ISLAMABAD: Former president Asif Ali Zardari urged PPP workers on Friday to rededicate themselves to promoting the party’s political ideology.
Addressing party leaders and office-bearers from Punjab at the Zardari House, he said: “I ask you to go into the cities, villages and remote areas of Punjab and all other provinces, Azad Kashmir and Gilgit-Baltistan, holding aloft the party banner, and re-assert its pristine credentials as a progressive and liberal party of the poor and downtrodden.”
The delegation led by Punjab PPP chief Manzoor Wattoo included former prime ministers Yousuf Raza Gilani and Raja Pervez Ashraf.
According to Mr Zardari’s spokesman Senator Farhatullah Babar, he said the PPP was a progressive, liberal and democratic party that would vigorously pursue its liberal agenda and not permit any group or party to foist its political ideology on the nation through bullet behind the facade of religion.
“The former president asked the party workers to reach out to the labourers, workers and peasants to reassure them that the party will never abandon them in their struggle for their right to have decent work and also a rightful place in society.”
He said the late Zulfikar Ali Bhutto and Benazir Bhutto had waged a lifelong struggle for the rights of the working class. “The party derived its strength from the workers who are the backbone of any society.”
Mr Zardari said that despite obvious manipulations in last year’s elections the PPP had accepted their results so that democracy continued to flourish and non-democratic forces did not get an opportunity to derail the entire system.
He said politicians had provided an excuse to the undemocratic forces to intervene and hijack political power in the past and this must not be allowed to happen again.
However, not destabilising the system should not be taken to mean that the party should abandon its political and democratic role to keep a check on the excesses and misdoings of the government, which must be challenged, exposed and rectified, he said.

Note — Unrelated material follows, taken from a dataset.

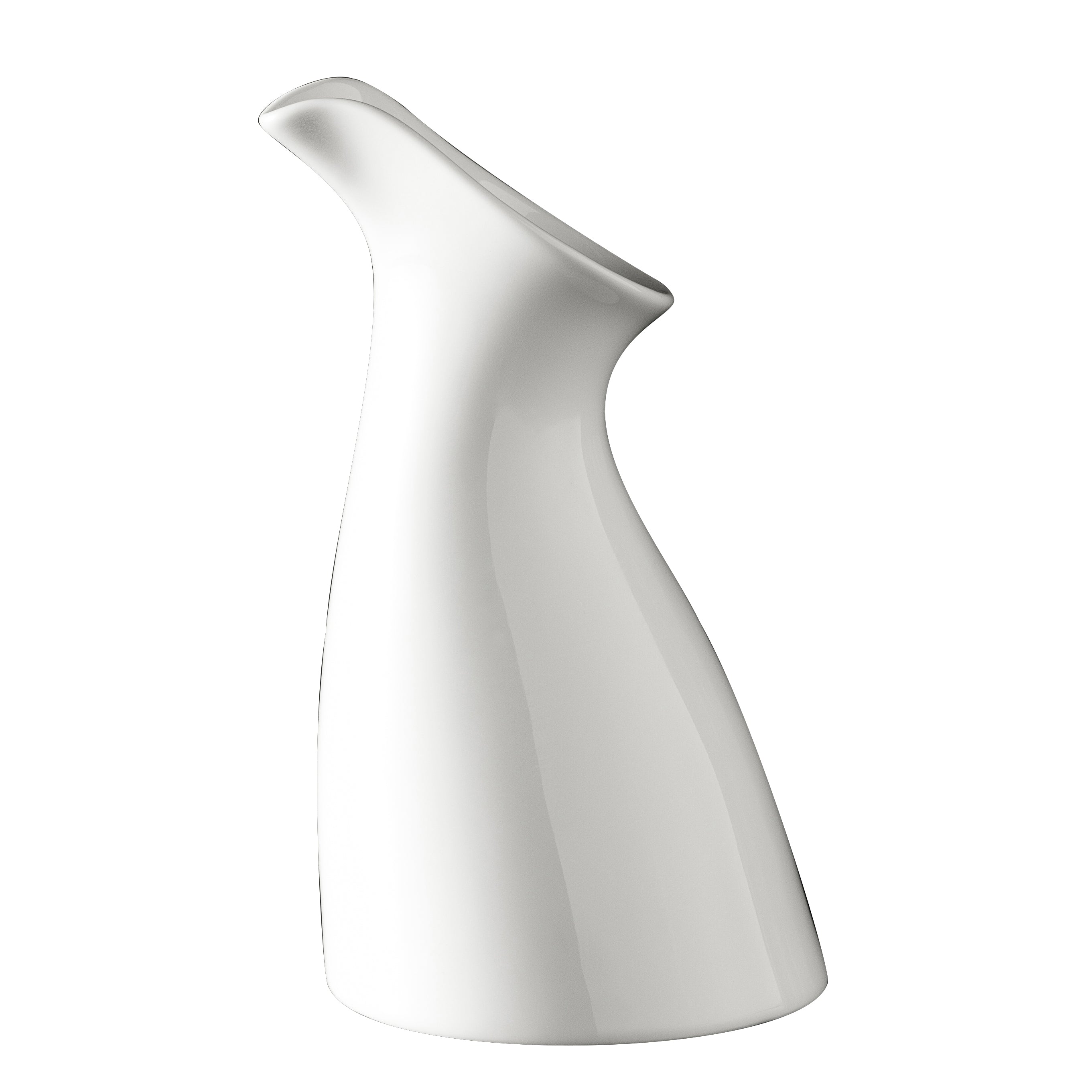 Jug L 3.25" W 2.625" (4.5 Oz) Parentheses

Mr Zardari, who is the PPP’s co-chairman, said 2014 was a critical year and the direction and thrust of political and security transition taking place in Afghanistan would have a serious impact on Pakistan. “We must be watchful of what is happening around us and play our role as a vibrant political party capable of rising to the emerging challenges.”

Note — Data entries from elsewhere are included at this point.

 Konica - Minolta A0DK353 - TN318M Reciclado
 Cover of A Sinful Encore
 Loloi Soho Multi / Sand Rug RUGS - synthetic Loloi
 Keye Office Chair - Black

Meanwhile, disgruntled PPP leaders Safdar Abbasi and his wife Naheed Khan announced that a new party faction, the PPP-Workers, would strive to restore what they called the lost identity of the party in Punjab, Khyber Pakhtunkhwa and Balochistan.
Mr Abbasi said at a press conference that he would soon go to the Election Commission to get registered the PPP-W.
He said the workers had been neglected in the other provinces, while in Sindh the party had been hijacked by anti-PPP elements. He said the PPP had suffered an unprecedented defeat in the last elections because its workers had not supported Mr Zardari and his party.
“We will provide a platform to the PPP workers to unite again.”
He said his party would contest the local government elections jointly with another party called the Pakistan Patriotic Movement.